Polscy naukowcy zamierzają potwierdzić hipotezę o związku pomiędzy wdychaniem zanieczyszczeń przez kobietę w ciąży, oraz przez samo dziecko, a późniejszymi zaburzeniami samokontroli i skłonnością do zachowań impulsywnych.
Badania zostaną przeprowadzone przy natężeniach zanieczyszczeń wielokrotnie wyższych, niż te dotychczas opisane. „Nasze powietrze jest nie tylko bardziej zanieczyszczone, ale także obecne u nas zanieczyszczenia są potencjalnie bardziej toksyczne, co ma związek ze spalaniem węgla” – mówi dr hab. Marcin Szwed z Uniwersytetu Jagiellońskiego, kierujący projektem NeuroSmog.
“Dotychczasowe badania nad wpływem smogu na rozwój mózgu nie dały jasnych wyników. Jedne stosowały powierzchowne metody badań psychologicznych – zwykle kwestionariusze wypełniane przez rodziców. Inne miały zbyt małą liczbę uczestników i przez to zbyt małą moc statystyczną. W większości stosowane były bardzo podstawowe metody obrazowania mózgu. Nie były to tak naprawdę badania interdyscyplinarne. Natomiast w projekcie NeuroSmog powołujemy prawdziwie interdyscyplinarne konsorcjum”.
>>>ZOBACZ TEŻ: Wizyta on-line w Gabinecie drWidget
Naukowcy chcą nie tylko potwierdzić udział smogu w powstaniu ADHD, ale także zrozumieć mechanizmy leżące u podłoża tego zjawiska i ustalić, które konkretnie szlaki nerwowe lub które części rozwijającego się mózgu są uszkadzane przez zanieczyszczenia powietrza. Badania zostaną przeprowadzone wśród 800 dzieci w wieku 10-13 lat. Będą to zarówno dzieci ze zdiagnozowanym ADHD, jak i dzieci bez jawnych problemów neuropsychologicznych.

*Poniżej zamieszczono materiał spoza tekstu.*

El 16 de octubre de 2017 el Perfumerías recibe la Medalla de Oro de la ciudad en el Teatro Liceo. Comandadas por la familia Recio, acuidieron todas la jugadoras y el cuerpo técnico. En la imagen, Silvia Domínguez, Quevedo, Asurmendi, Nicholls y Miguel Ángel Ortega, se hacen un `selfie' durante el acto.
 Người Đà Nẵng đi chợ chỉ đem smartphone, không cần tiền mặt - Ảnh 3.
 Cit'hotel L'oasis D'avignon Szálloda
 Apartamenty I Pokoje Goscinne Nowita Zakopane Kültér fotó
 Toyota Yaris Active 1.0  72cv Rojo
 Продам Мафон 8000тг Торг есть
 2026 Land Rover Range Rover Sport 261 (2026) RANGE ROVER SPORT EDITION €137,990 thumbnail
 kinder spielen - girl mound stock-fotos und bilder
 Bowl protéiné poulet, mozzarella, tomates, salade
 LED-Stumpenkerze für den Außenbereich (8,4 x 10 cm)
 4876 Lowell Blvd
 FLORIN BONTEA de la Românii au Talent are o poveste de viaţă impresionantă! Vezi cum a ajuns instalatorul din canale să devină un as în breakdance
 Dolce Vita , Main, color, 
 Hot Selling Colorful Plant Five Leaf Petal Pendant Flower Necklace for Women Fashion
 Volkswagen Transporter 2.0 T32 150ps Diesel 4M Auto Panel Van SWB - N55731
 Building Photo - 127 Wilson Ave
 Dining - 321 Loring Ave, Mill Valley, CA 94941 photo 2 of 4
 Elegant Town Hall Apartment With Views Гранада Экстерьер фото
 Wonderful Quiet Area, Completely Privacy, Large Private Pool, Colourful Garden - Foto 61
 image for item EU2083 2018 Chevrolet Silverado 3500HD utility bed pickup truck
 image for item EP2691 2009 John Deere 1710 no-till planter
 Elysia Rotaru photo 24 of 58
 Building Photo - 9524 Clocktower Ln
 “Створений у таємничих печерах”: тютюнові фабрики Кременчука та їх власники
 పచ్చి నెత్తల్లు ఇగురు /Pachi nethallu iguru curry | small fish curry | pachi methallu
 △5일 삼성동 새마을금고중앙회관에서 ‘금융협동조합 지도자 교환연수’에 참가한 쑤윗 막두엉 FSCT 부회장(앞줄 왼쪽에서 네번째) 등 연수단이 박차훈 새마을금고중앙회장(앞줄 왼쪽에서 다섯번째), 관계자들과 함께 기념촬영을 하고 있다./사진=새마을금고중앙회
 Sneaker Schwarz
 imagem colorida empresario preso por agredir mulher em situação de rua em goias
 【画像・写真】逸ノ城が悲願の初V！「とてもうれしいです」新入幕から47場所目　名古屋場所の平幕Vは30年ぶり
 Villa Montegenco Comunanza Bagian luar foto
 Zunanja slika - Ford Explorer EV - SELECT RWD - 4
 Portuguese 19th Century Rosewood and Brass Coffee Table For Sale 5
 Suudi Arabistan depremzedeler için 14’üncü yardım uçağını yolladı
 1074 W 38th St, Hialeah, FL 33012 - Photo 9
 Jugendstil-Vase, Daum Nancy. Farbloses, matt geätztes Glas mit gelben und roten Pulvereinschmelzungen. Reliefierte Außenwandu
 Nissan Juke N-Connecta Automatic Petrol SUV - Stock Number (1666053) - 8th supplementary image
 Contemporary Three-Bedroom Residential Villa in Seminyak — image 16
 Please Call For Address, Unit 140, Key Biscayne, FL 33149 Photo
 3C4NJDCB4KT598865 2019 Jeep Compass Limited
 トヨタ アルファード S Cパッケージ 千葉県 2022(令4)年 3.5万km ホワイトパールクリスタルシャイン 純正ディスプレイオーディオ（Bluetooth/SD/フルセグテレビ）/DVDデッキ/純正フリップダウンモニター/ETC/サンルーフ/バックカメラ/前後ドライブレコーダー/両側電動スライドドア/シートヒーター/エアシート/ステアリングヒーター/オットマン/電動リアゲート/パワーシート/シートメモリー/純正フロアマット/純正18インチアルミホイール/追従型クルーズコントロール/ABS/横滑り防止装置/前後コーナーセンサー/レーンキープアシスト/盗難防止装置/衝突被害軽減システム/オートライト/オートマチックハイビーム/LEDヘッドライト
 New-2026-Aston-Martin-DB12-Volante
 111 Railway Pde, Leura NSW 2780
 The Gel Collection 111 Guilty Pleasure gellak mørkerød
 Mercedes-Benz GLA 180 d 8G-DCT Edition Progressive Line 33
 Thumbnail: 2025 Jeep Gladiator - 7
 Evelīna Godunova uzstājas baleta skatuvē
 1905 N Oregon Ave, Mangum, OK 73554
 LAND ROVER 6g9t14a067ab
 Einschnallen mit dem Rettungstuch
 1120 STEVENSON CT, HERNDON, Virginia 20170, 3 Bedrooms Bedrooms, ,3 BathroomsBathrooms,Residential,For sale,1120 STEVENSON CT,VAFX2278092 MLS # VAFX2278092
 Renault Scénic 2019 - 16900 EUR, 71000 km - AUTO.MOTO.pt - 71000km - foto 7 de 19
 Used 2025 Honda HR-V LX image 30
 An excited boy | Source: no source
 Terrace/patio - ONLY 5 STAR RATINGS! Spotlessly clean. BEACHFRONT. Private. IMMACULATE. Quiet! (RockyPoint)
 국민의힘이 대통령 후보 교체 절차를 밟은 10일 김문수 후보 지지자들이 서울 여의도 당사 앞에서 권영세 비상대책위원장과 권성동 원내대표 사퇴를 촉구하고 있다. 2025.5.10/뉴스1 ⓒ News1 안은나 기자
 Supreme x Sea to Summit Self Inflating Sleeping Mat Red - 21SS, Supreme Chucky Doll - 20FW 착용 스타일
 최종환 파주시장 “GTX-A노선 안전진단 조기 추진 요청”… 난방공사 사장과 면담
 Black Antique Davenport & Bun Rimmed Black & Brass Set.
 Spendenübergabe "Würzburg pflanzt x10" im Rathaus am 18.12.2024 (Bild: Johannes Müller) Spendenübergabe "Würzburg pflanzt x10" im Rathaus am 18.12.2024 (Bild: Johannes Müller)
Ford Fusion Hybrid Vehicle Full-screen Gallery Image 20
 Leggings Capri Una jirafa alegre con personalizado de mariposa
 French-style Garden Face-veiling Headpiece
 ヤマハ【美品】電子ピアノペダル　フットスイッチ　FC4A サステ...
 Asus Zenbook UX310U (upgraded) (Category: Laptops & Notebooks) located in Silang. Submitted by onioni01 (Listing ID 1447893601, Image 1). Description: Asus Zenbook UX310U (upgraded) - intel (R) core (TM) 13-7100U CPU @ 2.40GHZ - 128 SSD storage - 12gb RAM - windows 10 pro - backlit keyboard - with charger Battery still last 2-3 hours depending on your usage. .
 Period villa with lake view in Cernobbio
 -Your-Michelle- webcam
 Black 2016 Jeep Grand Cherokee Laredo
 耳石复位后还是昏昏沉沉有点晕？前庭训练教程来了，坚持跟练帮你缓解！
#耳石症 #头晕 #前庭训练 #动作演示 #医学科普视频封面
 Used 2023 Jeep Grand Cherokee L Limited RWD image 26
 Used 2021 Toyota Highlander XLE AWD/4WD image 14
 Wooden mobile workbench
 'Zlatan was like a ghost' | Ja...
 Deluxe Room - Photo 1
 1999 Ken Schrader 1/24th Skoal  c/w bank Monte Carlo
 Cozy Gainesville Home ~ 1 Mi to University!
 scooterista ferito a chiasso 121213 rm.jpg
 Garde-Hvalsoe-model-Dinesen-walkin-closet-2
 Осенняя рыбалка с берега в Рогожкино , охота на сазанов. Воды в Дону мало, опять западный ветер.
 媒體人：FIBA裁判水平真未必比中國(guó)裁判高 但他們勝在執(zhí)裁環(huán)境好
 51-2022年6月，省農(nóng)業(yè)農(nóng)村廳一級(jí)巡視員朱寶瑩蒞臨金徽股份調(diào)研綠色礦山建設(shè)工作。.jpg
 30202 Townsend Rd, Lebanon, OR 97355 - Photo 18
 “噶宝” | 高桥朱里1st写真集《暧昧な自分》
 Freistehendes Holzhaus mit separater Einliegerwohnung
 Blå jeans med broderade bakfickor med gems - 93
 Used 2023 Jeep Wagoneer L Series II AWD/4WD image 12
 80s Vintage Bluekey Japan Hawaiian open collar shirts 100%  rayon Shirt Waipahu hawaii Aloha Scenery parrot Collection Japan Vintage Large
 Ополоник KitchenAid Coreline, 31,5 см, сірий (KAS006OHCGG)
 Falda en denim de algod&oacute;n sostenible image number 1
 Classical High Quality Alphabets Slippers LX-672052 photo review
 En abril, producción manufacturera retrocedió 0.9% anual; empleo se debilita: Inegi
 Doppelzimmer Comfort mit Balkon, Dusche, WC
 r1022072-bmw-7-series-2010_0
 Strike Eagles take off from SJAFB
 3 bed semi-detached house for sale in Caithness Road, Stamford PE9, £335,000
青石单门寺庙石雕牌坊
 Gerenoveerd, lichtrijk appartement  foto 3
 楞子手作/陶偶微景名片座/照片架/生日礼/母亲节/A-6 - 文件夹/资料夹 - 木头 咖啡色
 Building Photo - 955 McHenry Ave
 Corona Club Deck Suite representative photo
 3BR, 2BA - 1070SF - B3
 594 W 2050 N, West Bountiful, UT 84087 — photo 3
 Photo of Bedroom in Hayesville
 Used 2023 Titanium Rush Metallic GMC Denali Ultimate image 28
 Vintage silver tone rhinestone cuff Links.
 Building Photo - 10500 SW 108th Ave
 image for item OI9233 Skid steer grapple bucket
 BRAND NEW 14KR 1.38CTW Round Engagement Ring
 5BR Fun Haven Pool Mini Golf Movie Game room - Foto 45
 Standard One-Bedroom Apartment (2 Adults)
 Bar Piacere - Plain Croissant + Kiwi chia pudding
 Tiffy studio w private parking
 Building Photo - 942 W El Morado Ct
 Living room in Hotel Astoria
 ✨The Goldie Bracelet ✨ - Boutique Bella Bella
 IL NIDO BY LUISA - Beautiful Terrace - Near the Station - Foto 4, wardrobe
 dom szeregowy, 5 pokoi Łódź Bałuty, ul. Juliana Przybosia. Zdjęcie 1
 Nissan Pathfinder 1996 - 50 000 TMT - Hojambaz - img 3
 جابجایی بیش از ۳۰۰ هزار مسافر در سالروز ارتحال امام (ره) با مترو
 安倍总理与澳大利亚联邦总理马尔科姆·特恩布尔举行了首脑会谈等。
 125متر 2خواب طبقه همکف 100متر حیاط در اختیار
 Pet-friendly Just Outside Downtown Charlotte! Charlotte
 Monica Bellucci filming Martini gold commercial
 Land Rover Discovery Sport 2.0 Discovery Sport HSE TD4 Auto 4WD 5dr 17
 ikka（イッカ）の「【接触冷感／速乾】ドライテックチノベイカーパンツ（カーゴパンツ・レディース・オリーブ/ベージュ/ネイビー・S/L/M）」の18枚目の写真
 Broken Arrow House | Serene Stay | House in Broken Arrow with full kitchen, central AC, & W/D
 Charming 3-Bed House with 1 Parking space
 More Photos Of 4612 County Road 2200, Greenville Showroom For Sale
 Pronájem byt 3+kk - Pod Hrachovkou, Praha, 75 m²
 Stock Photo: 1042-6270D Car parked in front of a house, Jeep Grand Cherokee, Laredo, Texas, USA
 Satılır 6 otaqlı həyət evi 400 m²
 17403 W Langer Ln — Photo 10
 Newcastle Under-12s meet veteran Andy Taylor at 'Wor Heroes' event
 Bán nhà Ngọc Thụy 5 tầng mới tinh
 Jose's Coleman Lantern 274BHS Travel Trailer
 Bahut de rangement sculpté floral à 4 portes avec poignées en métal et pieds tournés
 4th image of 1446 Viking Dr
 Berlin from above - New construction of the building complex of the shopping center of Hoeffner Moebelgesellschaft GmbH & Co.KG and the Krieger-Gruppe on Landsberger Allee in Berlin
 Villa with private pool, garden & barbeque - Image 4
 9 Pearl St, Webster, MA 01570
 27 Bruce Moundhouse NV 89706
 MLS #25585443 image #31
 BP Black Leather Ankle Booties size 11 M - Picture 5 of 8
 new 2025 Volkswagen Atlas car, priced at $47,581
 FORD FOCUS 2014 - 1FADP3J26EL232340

Oprócz nowoczesnego obrazowania mózgu, wszyscy uczestnicy badania będą poddani szczegółowym testom psychologicznym. „Sądzimy, że w wyniku realizacji projektu uzyskamy solidne i wiarygodne dane na temat tego, co mózgom dzieci robi smog w stężeniach, które spotykamy na co dzień w Polsce. Jeśli efekty smogu są rzeczywiście tak złowrogie, jak przypuszczamy, to mamy nadzieję, że nasze odkrycia poruszą do działania rządzących odpowiedzialnych za jakość powietrza w Polsce i w Europie” – podkreśla dr hab. Marcin Szwed. Projekt NeuroSmog jest realizowany dzięki grantowi TEAM-NET FNP.